==== DATASET SECTION

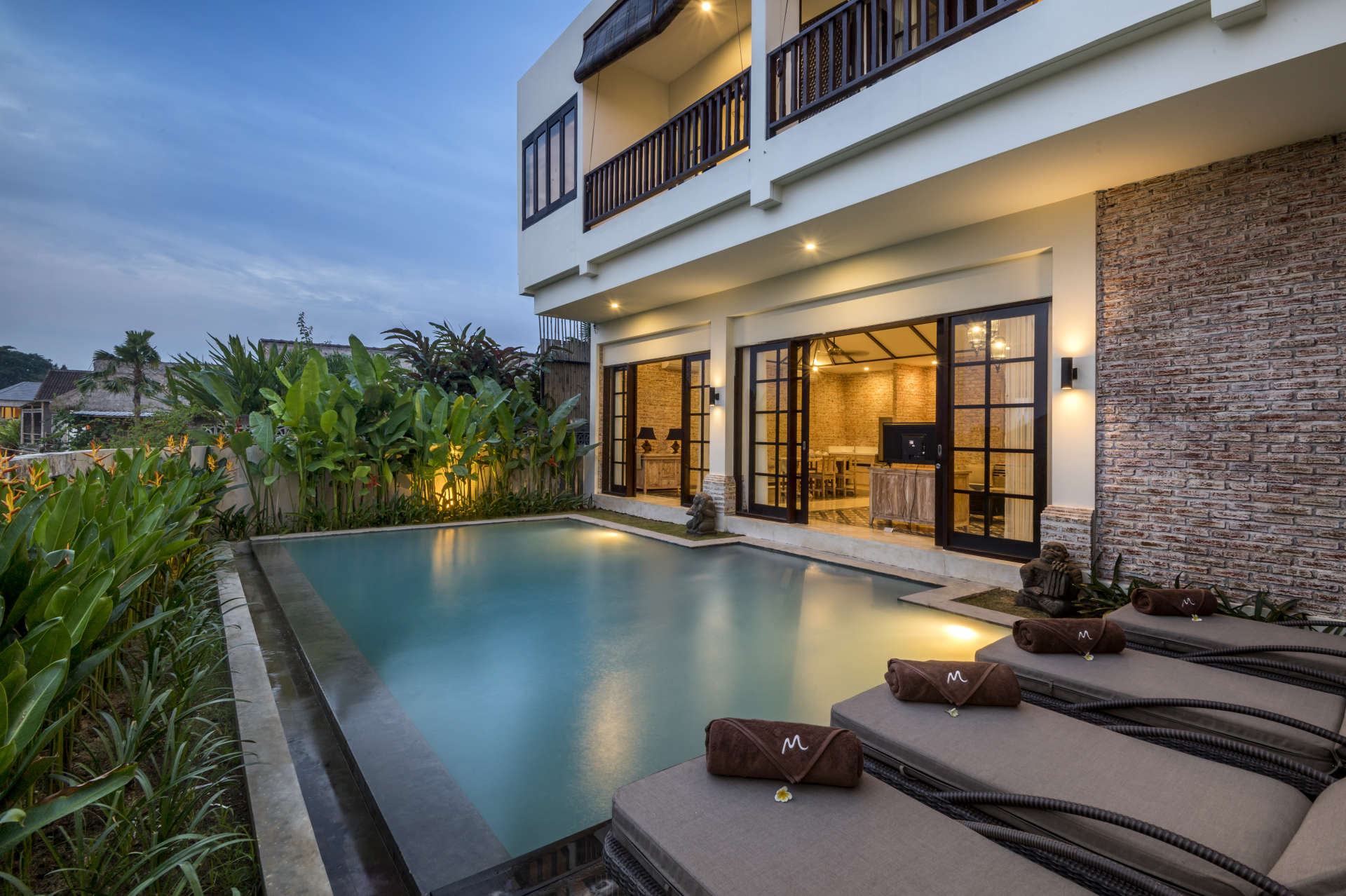Beautiful 5 Star Villa in Prime Umalas Location, Bali Villa 2076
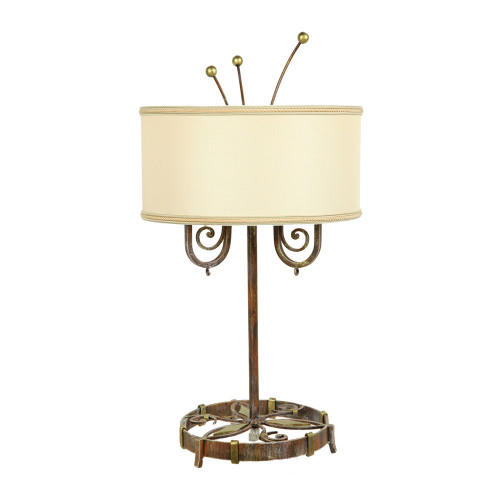 настольная лампа 6578/l3 v2172 от mm lampadari в Нижневартовске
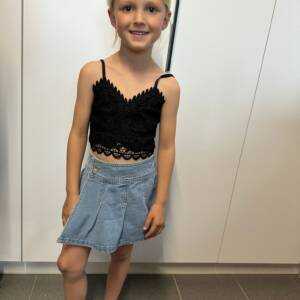 Honey top black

========

**WHAT THE TASK REQUIRES:** Repeat the lines above precisely and skip every picture.

**ANSWER FOR THE TASK:**
Beautiful 5 Star Villa in Prime Umalas Location, Bali Villa 2076
 настольная лампа 6578/l3 v2172 от mm lampadari в Нижневартовске
 Honey top black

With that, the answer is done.